One of the main things I enjoyed about this book is that the stories are relatable–the tales are such that you cannot help but draw parallels to real ones.

Me, reading the story of “The Anointed Wife” and saying, “spot on,” (Damilare, we know who this could be about o, but carry on, I’m loving it). Leaving that aside, Kuku’s choice of words are culturally accurate.

And not just culturally accurate but current: replete with the lingo and whatnot that is sure to draw more than a few laughs from you while also giving a picture-correct description of scenes as they occur in the Nigerian space.

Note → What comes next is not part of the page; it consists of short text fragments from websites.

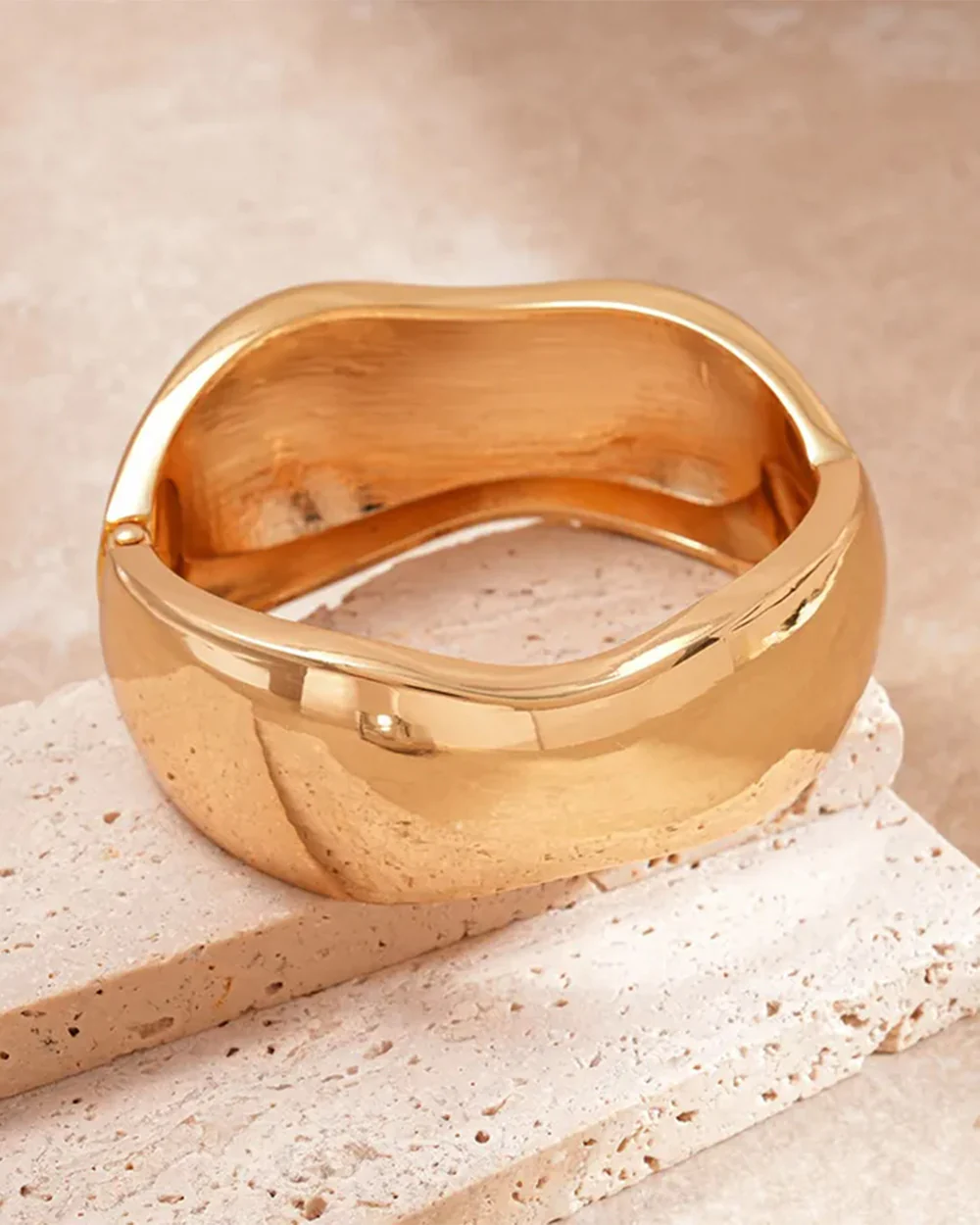 Women's Metal Kara - Golden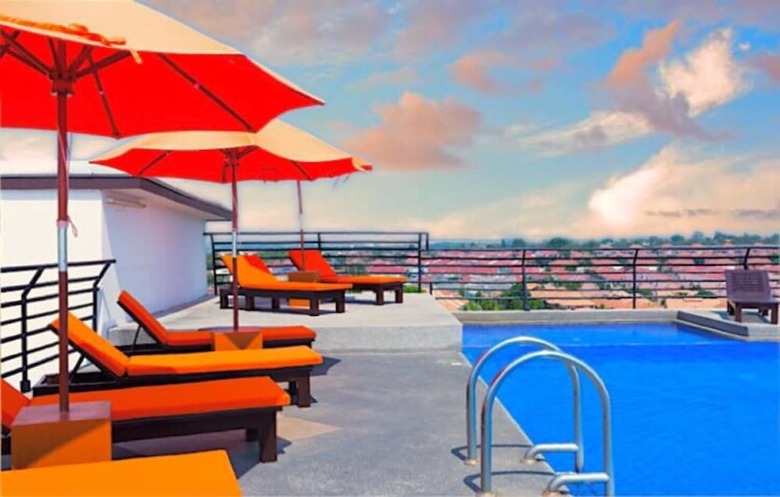 Hotel Chatkaew Hill & Residence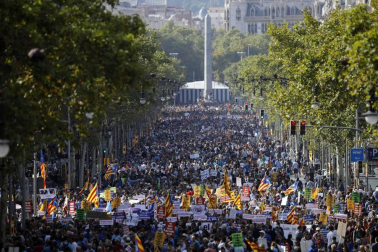El lema 'No tinc por' preside la manifestación por los atentados en Cataluña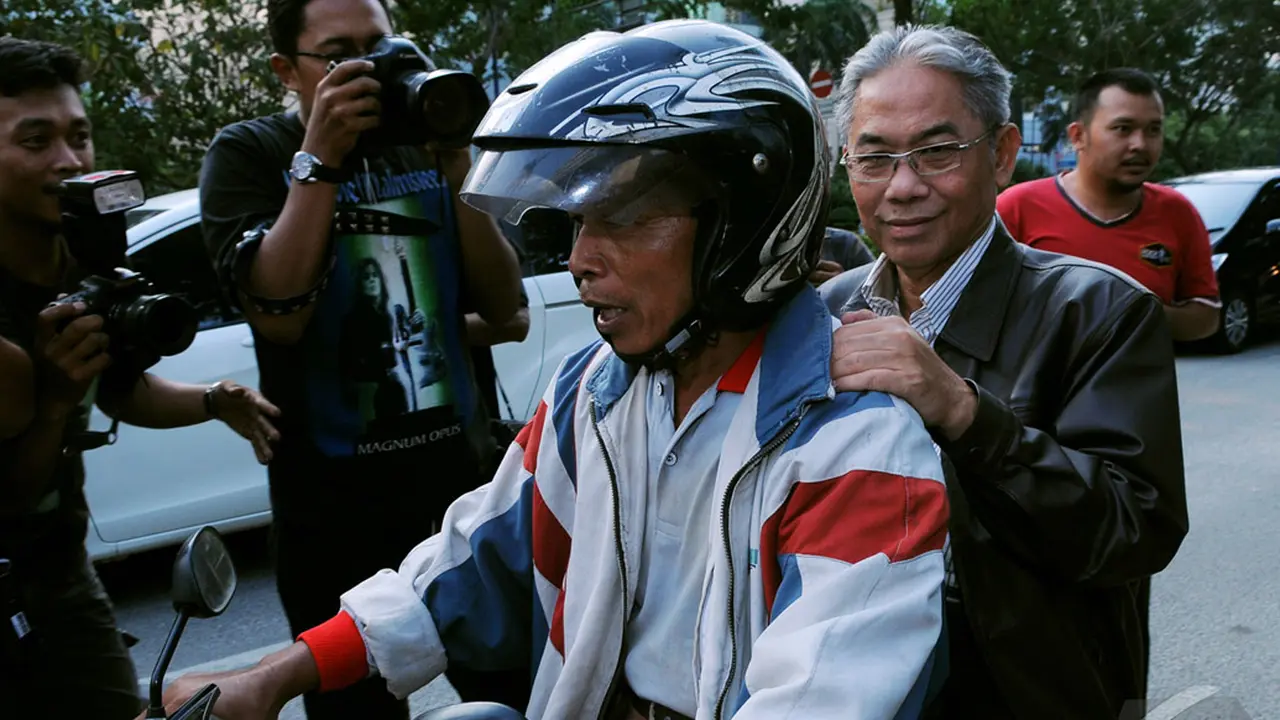 Usai Diperiksa KPK, Pejabat Ini Kabur Pakai Ojek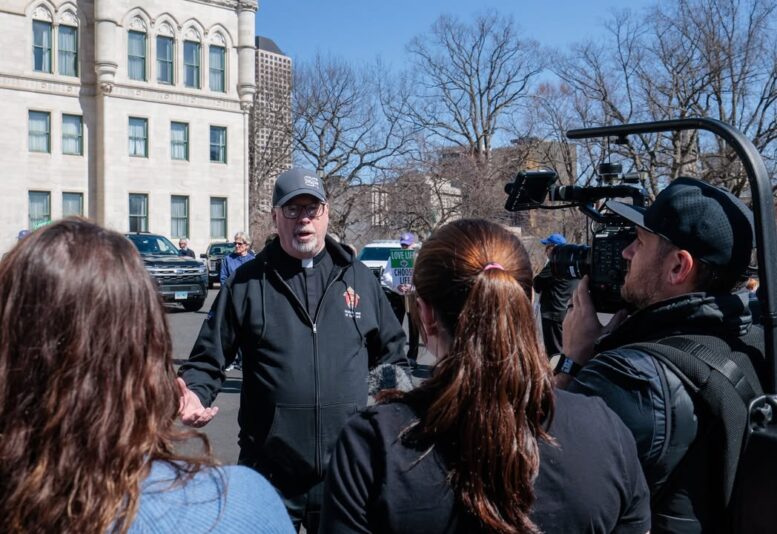 fb-424801330909662_1074554604698216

I appreciate a book that has lots to offer; when I was reading “International Relations,” I felt treated to someone’s personal diary. In contrast to that, “The Gigolo from Isale Eko,” felt like a dramatic somrin’ (something) with its character-audience dialogue, like in The Bernie Mac Show and Modern Family, omo (men) the book reading would be something.

Sistah Girls, the vibes on vibes I was getting while reading Nearly All the Men in Lagos are Mad, had me wishing for more when I noticed I had finished it.

Oh, did I forget, the nod in referencing Ayobami Adebayo’s novel, Stay with Me, is the kind of thing that trips me. See ehn, I know, I’m a certified aproko (gossip) with my full-chest (proudly), so, that kind of reference gives me a glimpse of Kuku’s own novel preferences, which I may have never been privy to.

Plus, it adds a realistic appeal to the work, in my opinion, sa. Bottom line, I enjoyed this read, this is her first book, I’m impressed and excited to see whatever she writes next.